Hoi An

One of the first things we had to do when we reached Hoi An late in the afternoon was visit a tailor.  Hoi An is noted for its quality clothing at good prices and if we were to buy anything, it would need to be ordered upon arrival so that it could be made up and delivered before we left the city.  My companions left the shop disappointed with the range of products on sale soon after, which took a bit of pressure off the credit card bill.

The next item on the shopping agenda was jewellery, and once again we had been given the address of a jeweller to visit.  We spent a good deal of time and a fair bit of money here before we could move on to explore the historic seaport town.

We walked through the local market.  We had visited several markets at this stage and never tired of the sites and smells and buzz of activity as the locals conducted their commerce and purchased everything from plastic furniture and toys to fresh flowers and home made noodles.

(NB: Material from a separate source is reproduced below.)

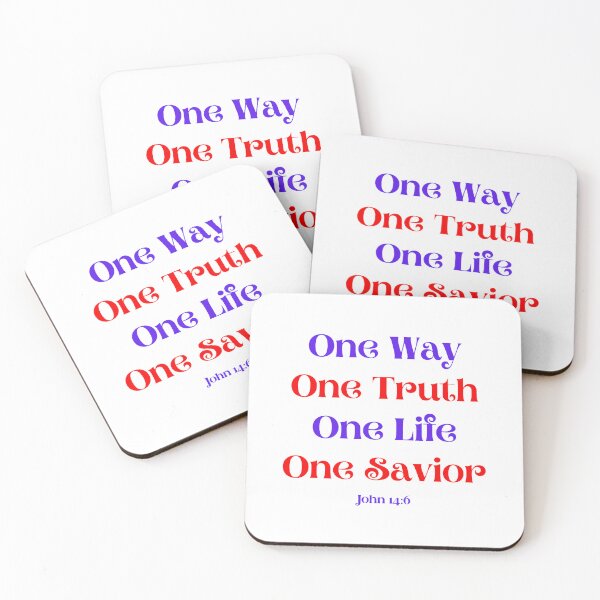 Item preview, One Way, Truth, Life, and Savior (2) designed and sold by Dkdesign41.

Trieu took us on a guided tour of the Old Quarter, a really historic part of town by the river, where no cars or motor scooters are permitted.  There are great dining places, craft shops, street stalls and entertainments scattered throughout the precinct.  We walked along the busy Bach Dang by the river and visited a Chinese temple and an historic original house.  We crossed a beautiful Japanese bridge built in the 16th century.  By the end of the afternoon we had fallen victim to Hoi An’s special charm.